:: Work item ::
Each line that includes the word "Self" should be copied from the records.

:: Material to process ::
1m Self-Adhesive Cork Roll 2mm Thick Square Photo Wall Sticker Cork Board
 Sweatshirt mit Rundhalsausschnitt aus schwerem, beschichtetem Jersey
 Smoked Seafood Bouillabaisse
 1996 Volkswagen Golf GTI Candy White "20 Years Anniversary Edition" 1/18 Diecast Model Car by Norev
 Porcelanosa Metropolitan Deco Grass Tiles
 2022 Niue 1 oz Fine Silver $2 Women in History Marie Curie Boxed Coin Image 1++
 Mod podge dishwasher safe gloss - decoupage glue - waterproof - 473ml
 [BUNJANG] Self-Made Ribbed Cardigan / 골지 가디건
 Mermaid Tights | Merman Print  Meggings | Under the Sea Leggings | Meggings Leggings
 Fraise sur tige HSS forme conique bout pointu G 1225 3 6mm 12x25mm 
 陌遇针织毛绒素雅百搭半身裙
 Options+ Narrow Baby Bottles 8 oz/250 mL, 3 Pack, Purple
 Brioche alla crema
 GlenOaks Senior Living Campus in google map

:: Response below ::
1m Self-Adhesive Cork Roll 2mm Thick Square Photo Wall Sticker Cork Board
 [BUNJANG] Self-Made Ribbed Cardigan / 골지 가디건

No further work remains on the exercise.